Eßlinger Zeitung: Solidarisch gegen Magerhonorare

Esslingen, 12. Juli 2018. Seit dem 28. Juni fehlen in der Eßlinger Zeitung die Artikel der freien Lokal-Journalistinnen und Lokal-Journalisten, die normalerweise die Hälfte aller Artikel im Lokalteil verfassen. Die Freien haben solidarisch ihre Arbeit niedergelegt und EZ-Geschäftsführer Andreas Heinkel aufgefordert, das Zeilengeld auf 78 Cent zu erhöhen.

Denn seit acht Jahren gibt es nur 62 Cent pro Zeile. In einem Flugblatt, das an die Leserinnen und Leser der Eßlinger Zeitung verteilt wurde, rechnen die Freien vor, dass sie für einen 100-Zeilen-Bericht über eine dreistündige Gemeinderatssitzung nur 62 Euro erhalten. Davon gehen noch die Sozialversicherungsbeiträge ab. Außerdem erscheint die EZ seit Januar in einem neuen Layout mit längeren Zeilen. Ein höheres Zeilengeld gibt es dafür nicht. Den Honorarverlust nannte Heinkel einen „Kollateralschaden“.

„Qualitätsjournalismus“ mit ungelernten Kräften
Statt auf die Forderungen der Freien einzugehen, ließ Heinkel große Stellenanzeigen in der EZ schalten: „Freie Mitarbeiter für die Lokalredaktion“ werden ab sofort gesucht. Als Profil wird genannt: „Sie haben Spaß am Schreiben und ein gutes Sprachgefühl“. Den Führerschein soll man besitzen und „Je flexibler Sie sind, desto besser“. Im Klartext: Die EZ sucht ungelernte Kräfte als freie Journalisten!

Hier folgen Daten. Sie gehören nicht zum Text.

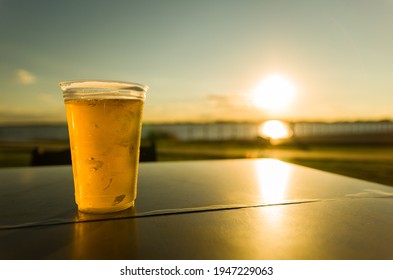 Plastic Glass Of Cold Beer On Table At Sunset On Guaíba Waterfront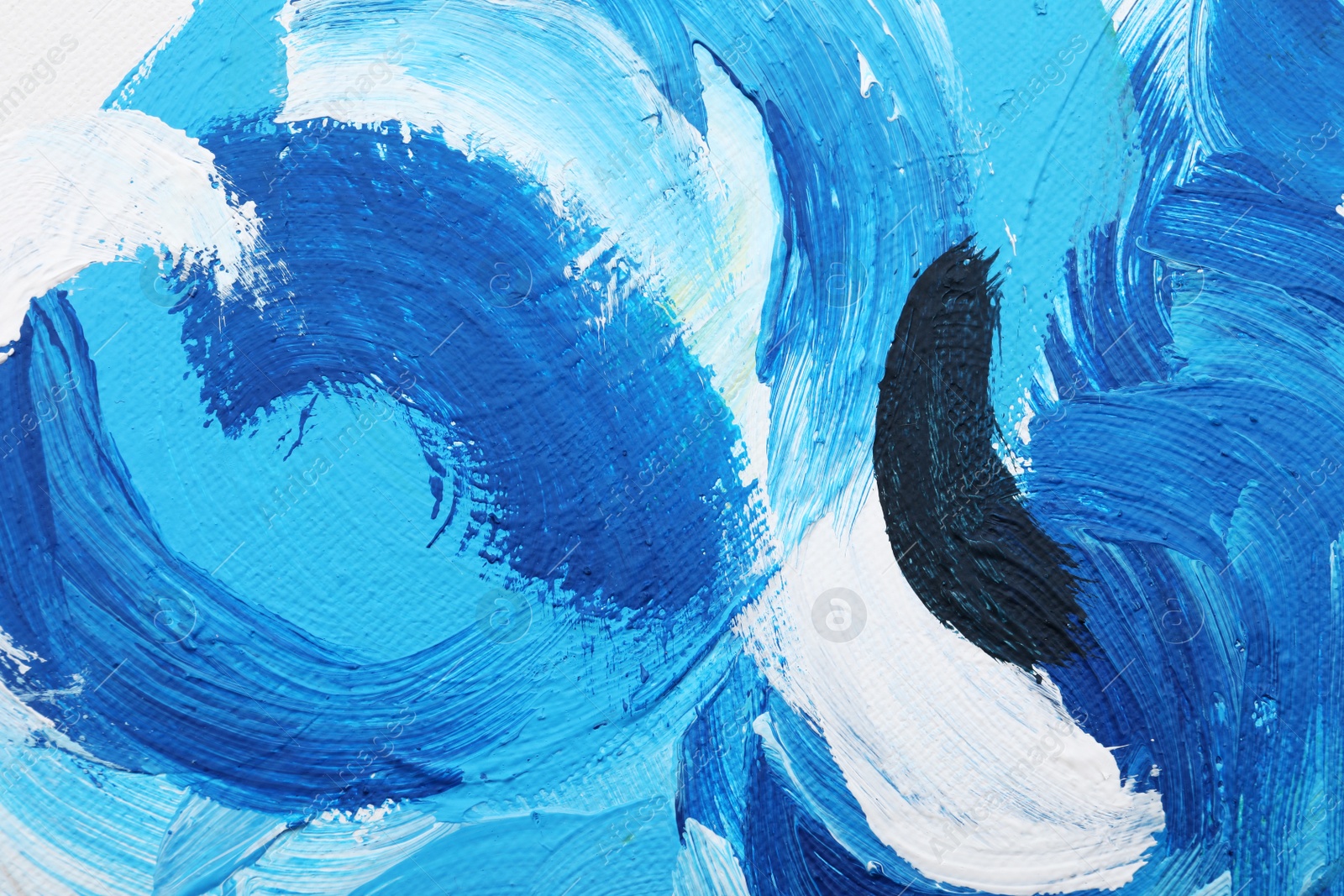 Photo of Beautiful strokes of blue oil paints on white canvas as background, closeup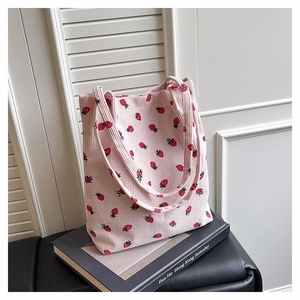 Dettaglio di borsa tote in velluto a coste rosa con motivi a fragola e texture soffice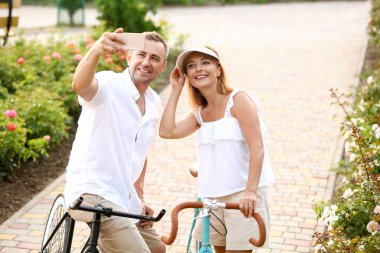 Bisikletli olgun bir çift yaz günü şehir parkında selfie çekiyor.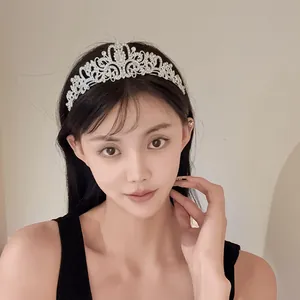 Elegant rhinestone flower crown tiara headband worn by a model for a party hairstyle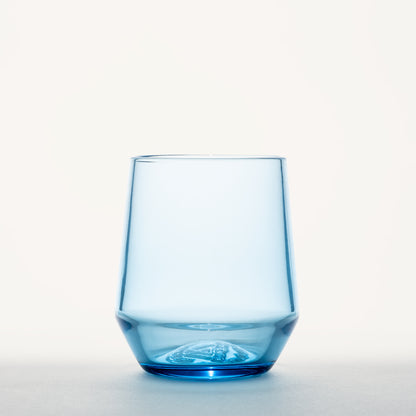 Blue stemless wine glass with a thick, faceted base and an embossed design on the bottom.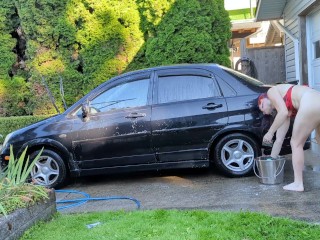 Sexy t4t trans woman washes her filthy car for the hungering maw of capitalism with a big glass plug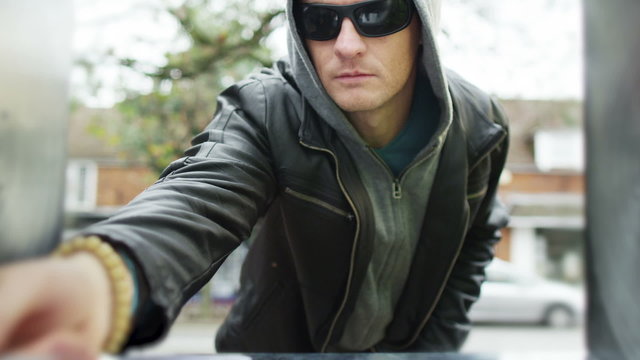 Suspicious character takes money from an ATM machine with a stolen card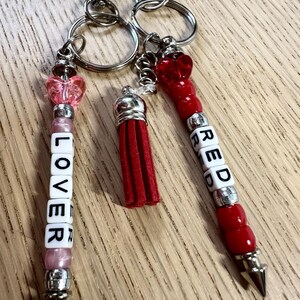 May include: Keychains with silver hardware, featuring beaded accents and charms. One keychain spells "LOVER" in white letter beads, another says "RED", and a third has a red tassel. The keychains have heart-shaped and red bead details.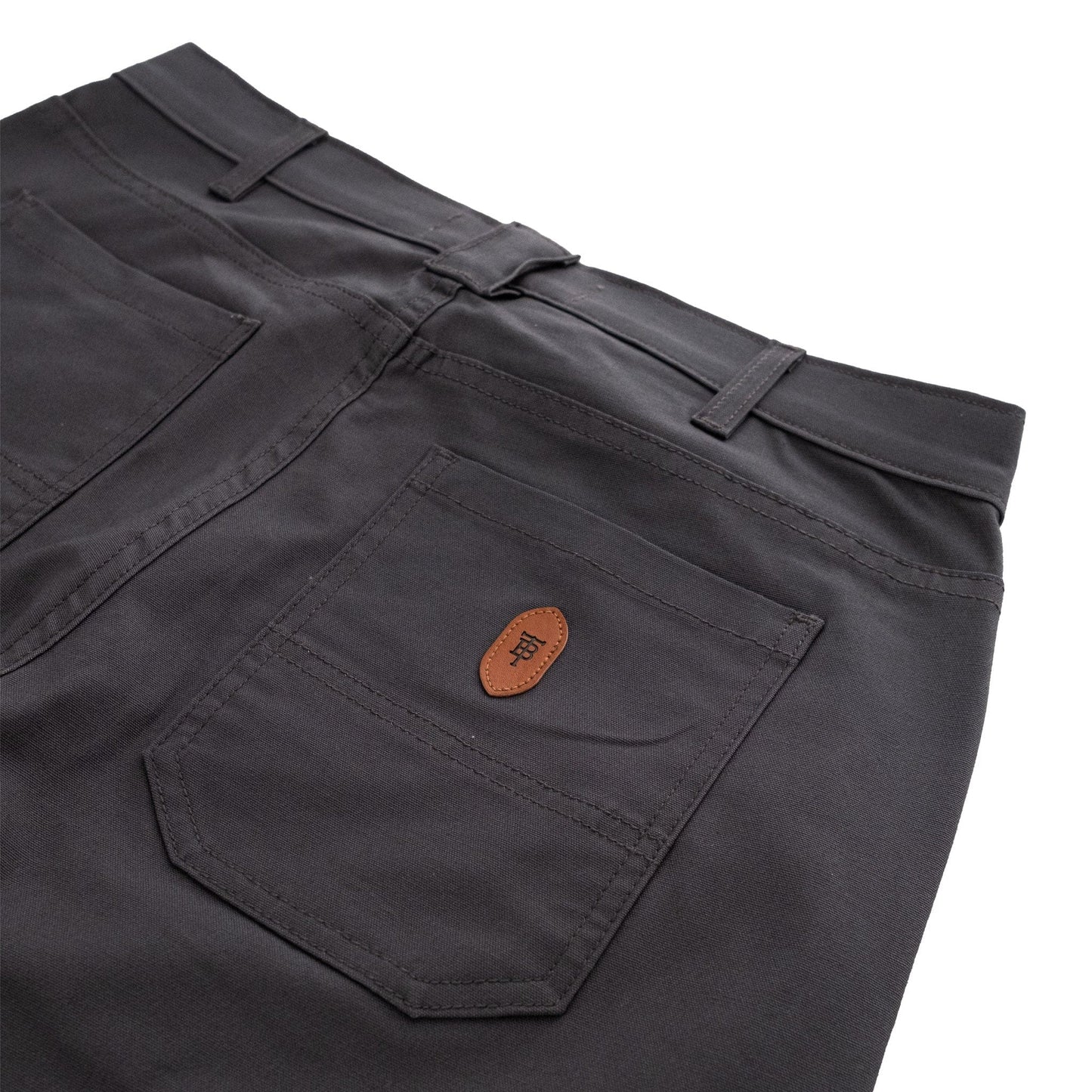The back view of Tom Beckbes Redmont Pant highlights a pocket with a leather patch, belt loops, and durable stitching.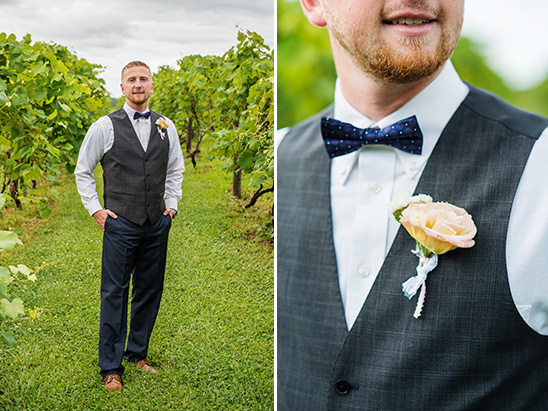 Wedding groom in vest and bow tie at vineyard portrait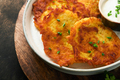 Potato pancakes. Fried homemade potato pancakes or latkes with cream and green onions in rustic plat - PhotoDune Item for Sale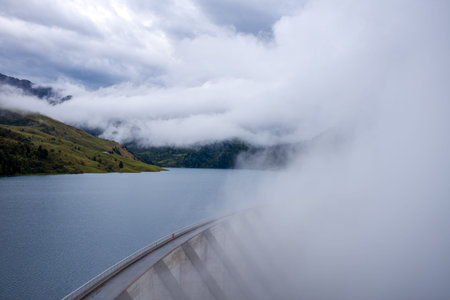 Low clouds and mist sweep across the curved concrete structure of Roselend Dam and the calm blue waters of the alpine reservoir, with green mountain slopes fading into the fog. The scene features diffused light and a tranquil, atmospheric mood in the French Alps.の写真素材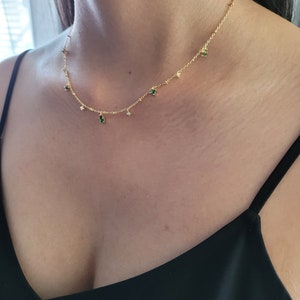 Könnte beinhalten: Eine goldene Kettenkette mit kleinen grünen und klaren Steinen, die daran hängen.
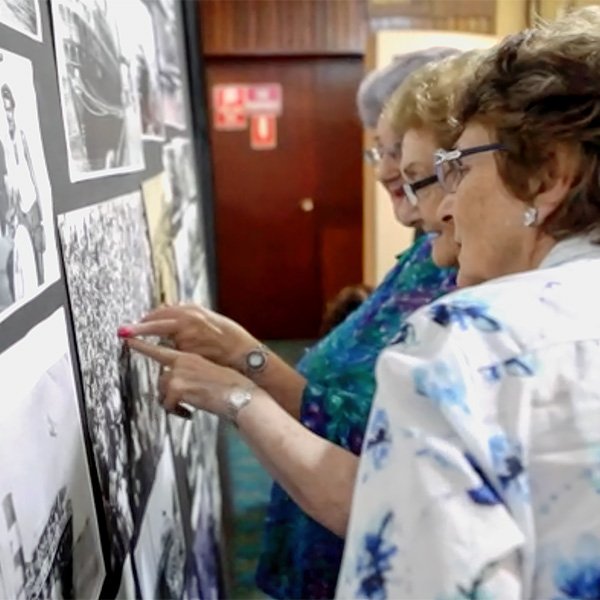 Excited members of the community attending the launch identify family and friends in the photos on display.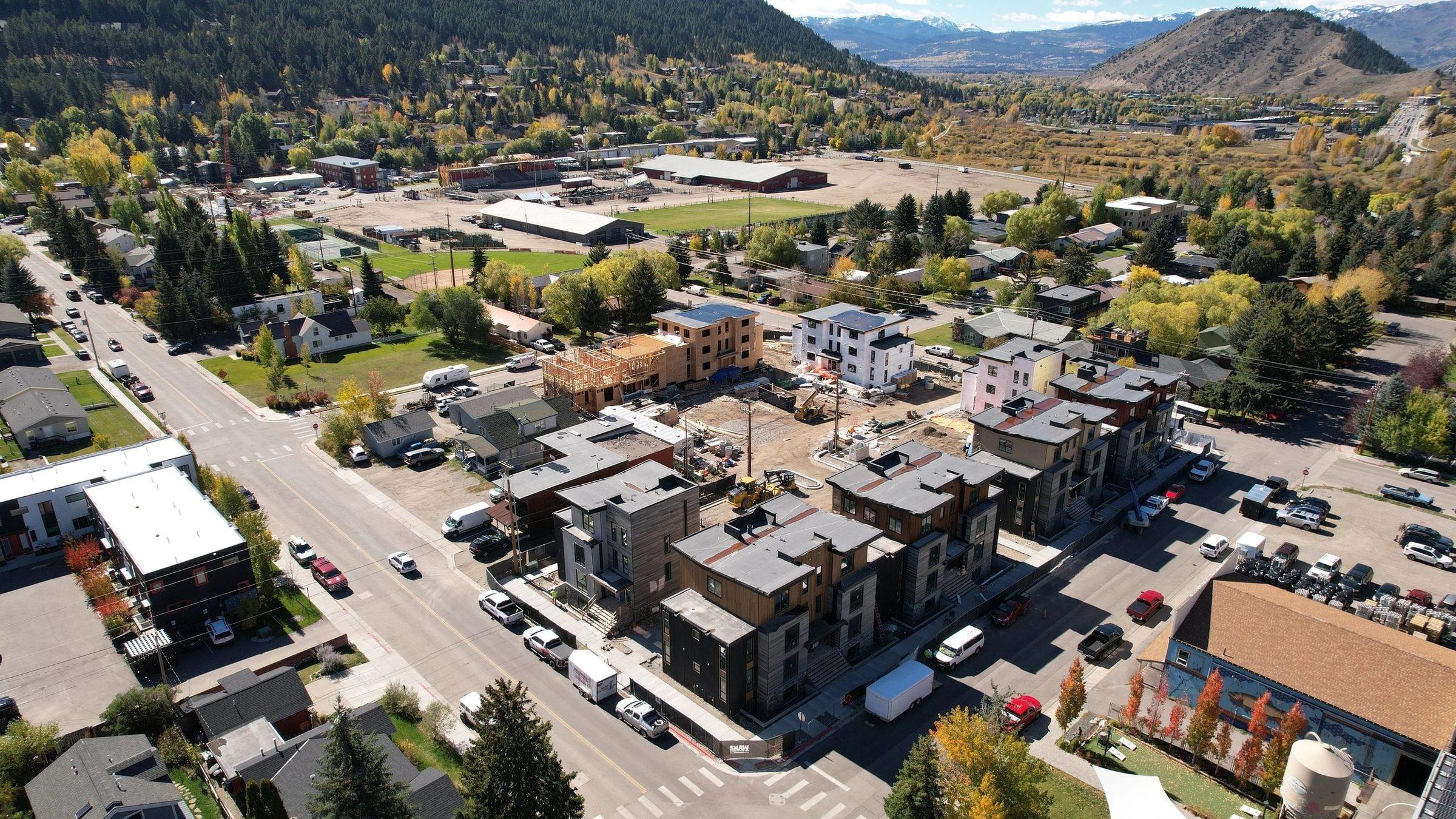 Aerial view of apartment buildings along a town street in autumn, with mountains beyond
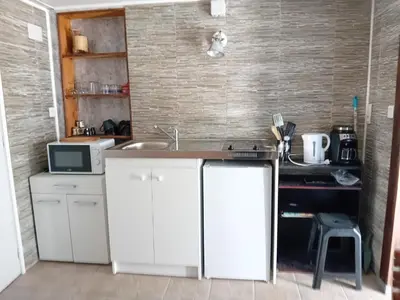 Cuisine ou kitchenette dans l'établissement chambre studio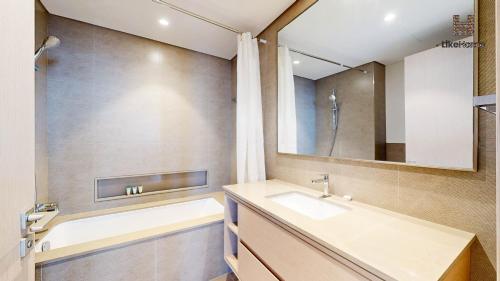 a bathroom with a sink and a mirror at Stay Steps from Burj Khalifa & Dubai Mall With Skyline Views 2BR Downtown Like Home in Dubai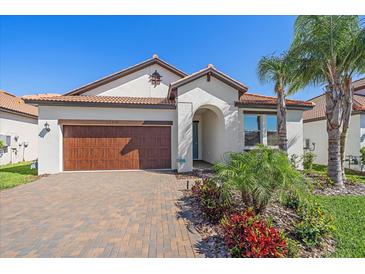 Beautiful single-story home with a tile roof, paver driveway, and lush tropical landscaping at 17216 Star Banks St, Wimauma, FL 33598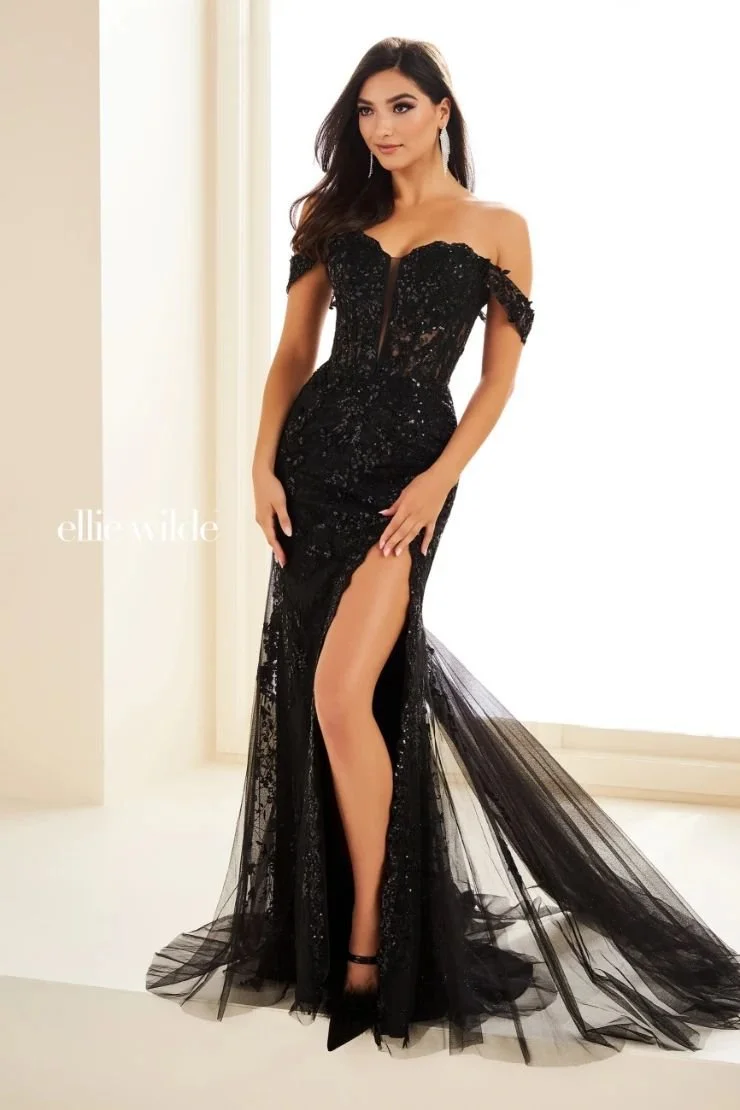 Woman wearing a black, off-shoulder, sequined evening gown with a high slit, standing in a well-lit room.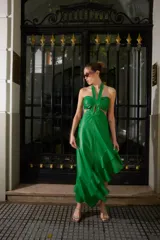 Vestido verde brillante, con escote halter anudado al cuello, aberturas laterales (cut-outs) y falda asimétrica con volados en el ruedo.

Die DJV-Landesvorsitzende hat an Geschäftsführer Heinkel geschrieben und gefragt, was der Eßlinger Zeitung guter Lokaljournalismus überhaupt noch wert sei?
Und weiter schrieb Lange unter anderem: „Wo bleibt das von den Verlegern stets gepriesene Postulat für den Qualitätsjournalismus? Womit wollen Sie die hohen Voraussetzungen für ein Volontariat begründen, wenn die Anforderungen in einer Stellenanzeige von Bechtle Verlag & Druck derart in den Keller definiert werden? Das ist so, als würde ein Konditor für seinen Betrieb eine Hausfrau suchen, die gut Kuchen backen kann. Hauptsache, man spart sich eine tarifliche Vergütung bzw. bei den Freien eine Vergütung nach den eh schon viel zu niedrigen gemeinsamen Vergütungsregeln, bei denen sich die Eßlinger Zeitung an der untersten Schwelle orientiert. Mit Ihrer Haltung zeigen Sie, dass Sie die Arbeit der Freien nicht würdigen, die eine wichtige Säule für guten Journalismus und erfolgreiche Zeitungen sind.“

Mittlerweile scheint etwas Bewegung in die Sache zu kommen. Dazu haben sicherlich auch die erbosten Leserbriefe beigetragen. Am Freitag, 13. Juli, findet ein Gespräch zwischen den Freien und Heinkel statt. Der DJV Baden-Württemberg unterstützt die Freien während Ihres Streiks.